# Router safety



## BigAxe (Oct 28, 2013)

I use a router frequently. The router is handheld, I don't have a router table.
Does anyone use an apron made out of Kevlar or some such material to protect themselves from the router bit.
If so where can I buy one

John


----------



## TheWoodenOyster (Feb 6, 2013)

You can buy bulletproof vests at gun shows. Literally. That might not be a bad choice


----------



## timbertailor (Jul 2, 2014)

Any clothing\protection you acquired would only provide a false sense of security.
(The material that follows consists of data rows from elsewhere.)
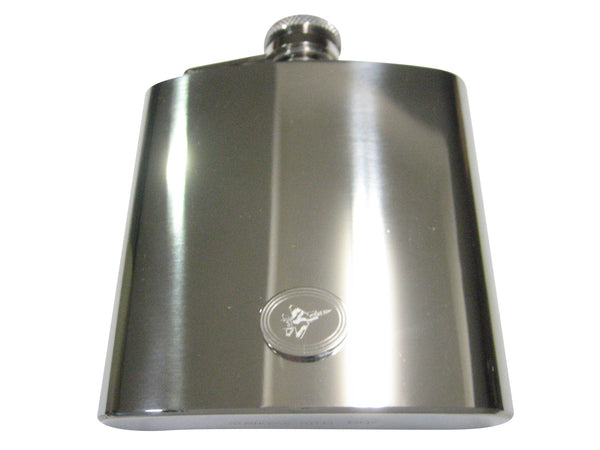 Silver Toned Etched Oval Fighter Jet Plane 6oz Flask
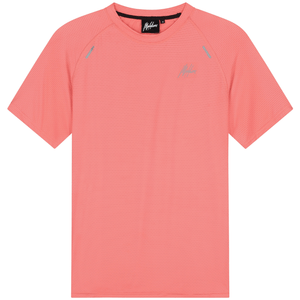Vooraanzicht van het koraalroze Malelions Padel Vortex T-Shirt met zwarte halsbies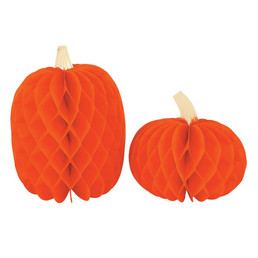 Honeycomb Decoration - Orange Pumpkin - Set of 2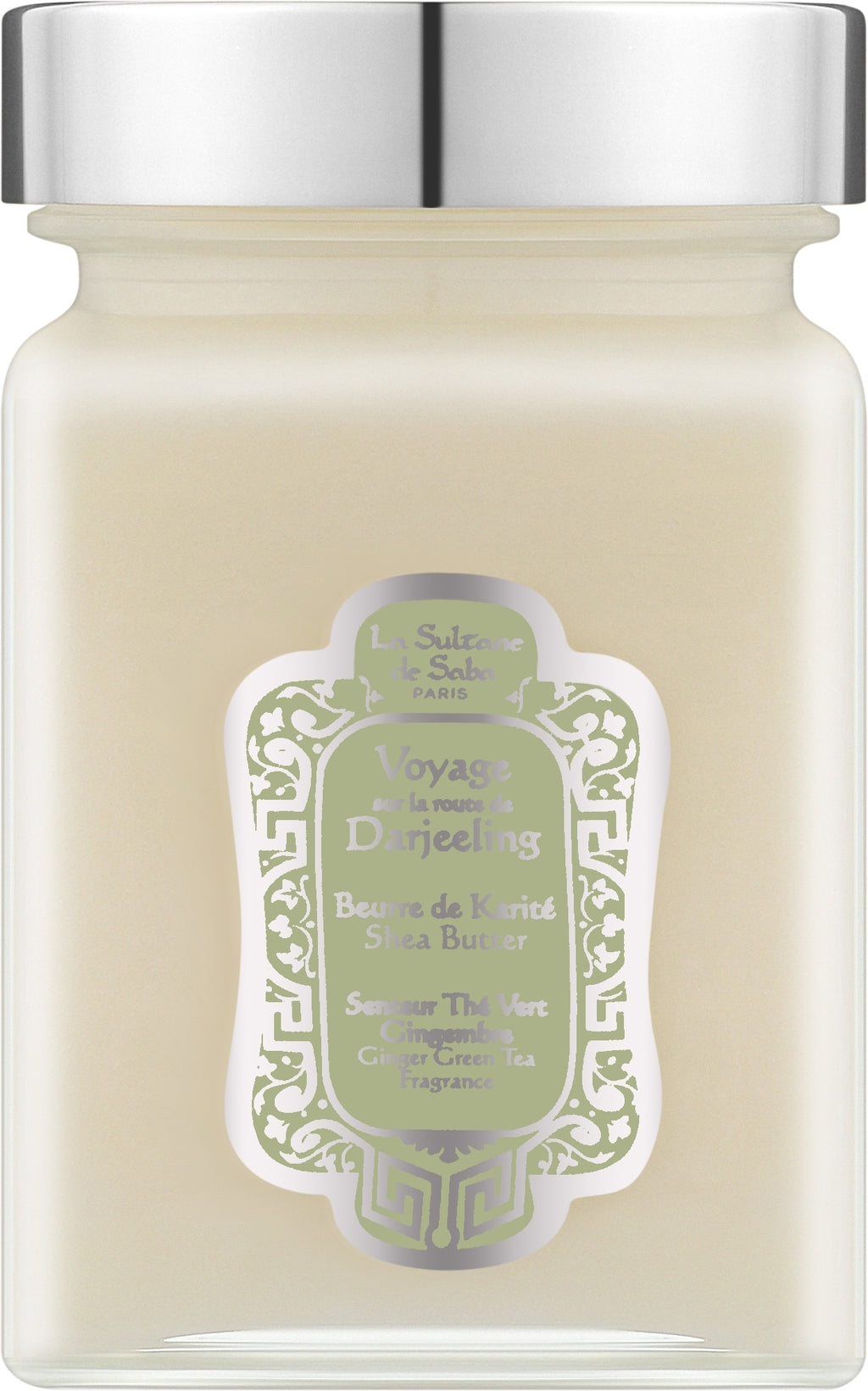 A jar candle with a silver metal lid and a cream-colored wax inside, featuring a decorative green and white label that reads 'Le Souffle du Sel Paris' and 'Voyage de la musc de D'arjeeling'.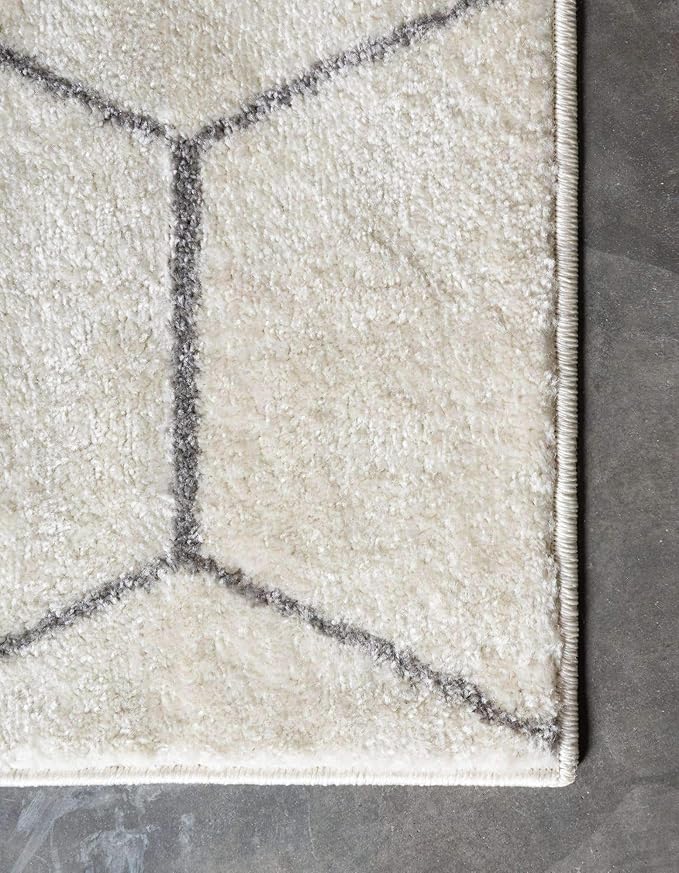 Unique Loom Trellis Frieze Collection Area Rug - Geometric (5' Square, Ivory/ Gray)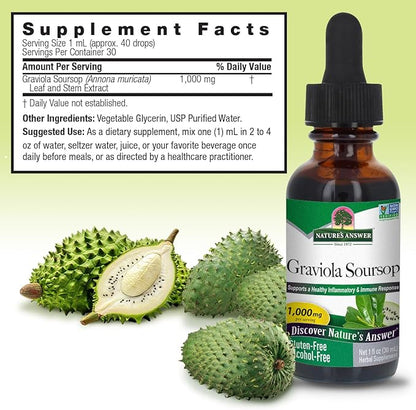 Nature's Answer Graviola Soursop Extract Alcohol Free 1 Ounce Extract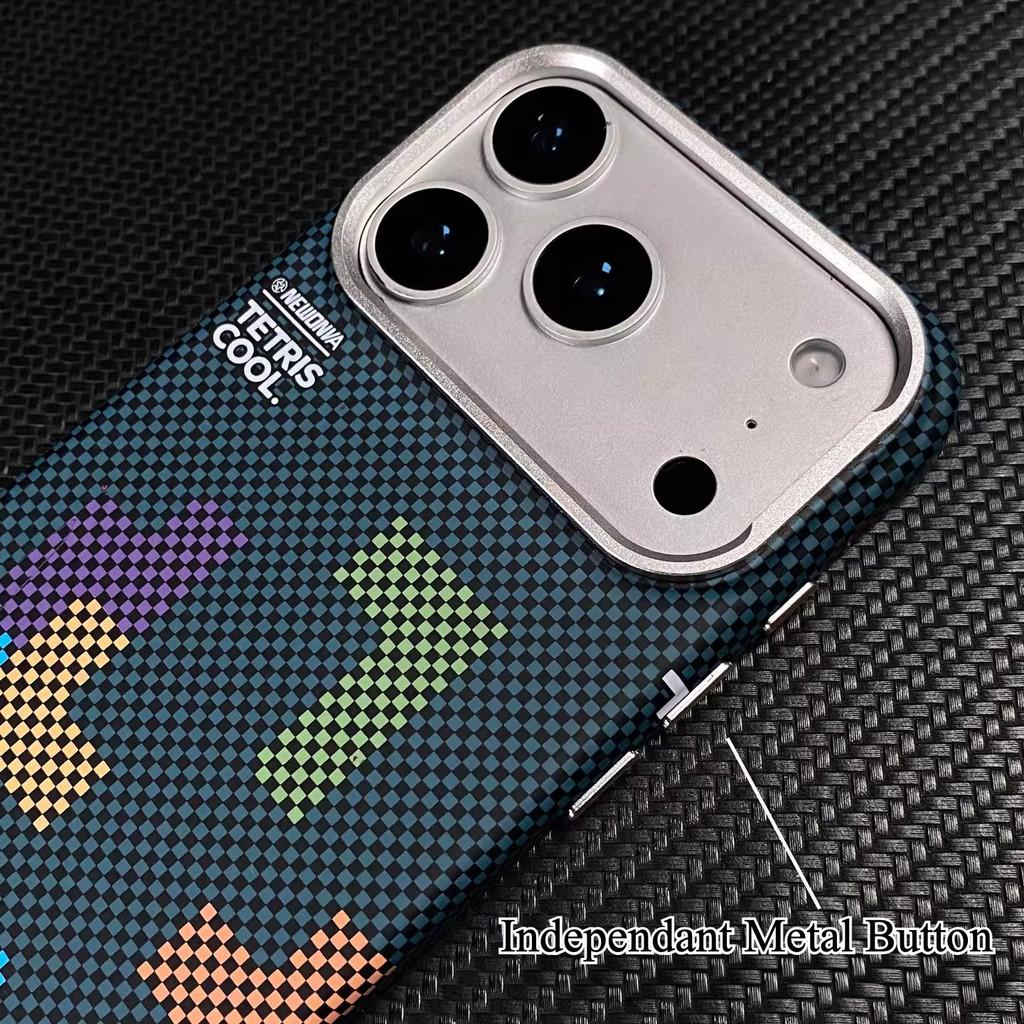Fashion Patterns Carbon Fiber Texture N52 Magnet Phone Case for iPhone 17 Pro Max /16/15/14/13 /Shockproof /Thin Anti-fingerprint /Metal Camera Ring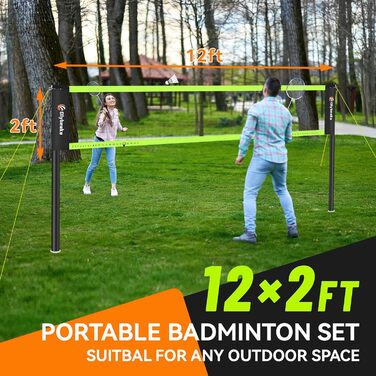 Набір для бадмінтону вуличний 3.66м Schwarz: 2 ракетки, 3 волани, сумка, сітка - для пляжу, подвір'я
Router safety is all about taking your time, being aware of what the bit is doing, what it will do, depending on route direction, how the wood is going to respond, and a whole host of factors that just take a little planing and forethought before you throw that switch.


----------



## TheFridge (May 1, 2014)

I wouldn't want to wear a fabric strong enough to catch and twist in a router bit.


----------



## lab7654 (Mar 31, 2012)

Just follow the basic safety procedures and you'll be fine. Kevlar is designed to dissipate impact, I don't think it would hold up much better to a cutting edge than any fabric.


----------



## runswithscissors (Nov 8, 2012)

Actually, kevlar is very resistant to edged tools. Try cutting some with sharp shears. Not so easy. But I like the idea of a leather apron better than kevlar or any fabric.


----------



## TheWoodenOyster (Feb 6, 2013)

You could go with the steel plate method. That'll stop a router bit


----------



## bigblockyeti (Sep 9, 2013)

If you're actually worried about the bit cutting through or winding up and twisting whatever you've wearing, leather would be a better option. Any fabric you might be wearing could get (very quickly) wound up in a router bit. Leather being thicker option wouldn't be able to "wind" much around a bit before stalling the router or breaking the shank of the bit.


----------



## JulianLech (Jan 13, 2011)

Why not just make a simple router table. Many options to choose from on this website and the internet.


----------



## sawdust703 (Jul 6, 2014)

I use a router regularly, as well, & have for several years. As many here have. In a table, and hand use, & am YET to have a bit come loose, or "fly" out of the router. I don't wear an apron, or anything over my shirt when I use my routers. At times, I am fairly close to the router & bit for vision reasons. If all the right precautions are taken, the right bits are used with the right collets, & the right bits used for the job at hand, I don't see what you're worried about. Yes, I suppose there is always a possibility the bit could come loose, but, you don't need to tighten the collet nut to the point of strippin' the threads. As long as it is tight, it WILL stay put! Shop safety is important, but somewhat overdone on some things, IMO. Every tool you use has it's "dangers" shall we say, but, if you learn to use it, & pay attention to whats going on around you, you won't have any problems. One thing I will mention, that has to do with shop safety, some wear ear protection, some don't. I, for one, don't. I listen to the machine I'm using. You can usually tell by the sounds of the tool when something is wrong. Just learn to use it safely, Don't get in hurry with it, & learn to listen to it. You'll get along fine. Work safe, enjoy your project.


----------



## Lsmart (Jan 1, 2012)

I have kevlar pants for chainsawing, maybe there is a bib.


----------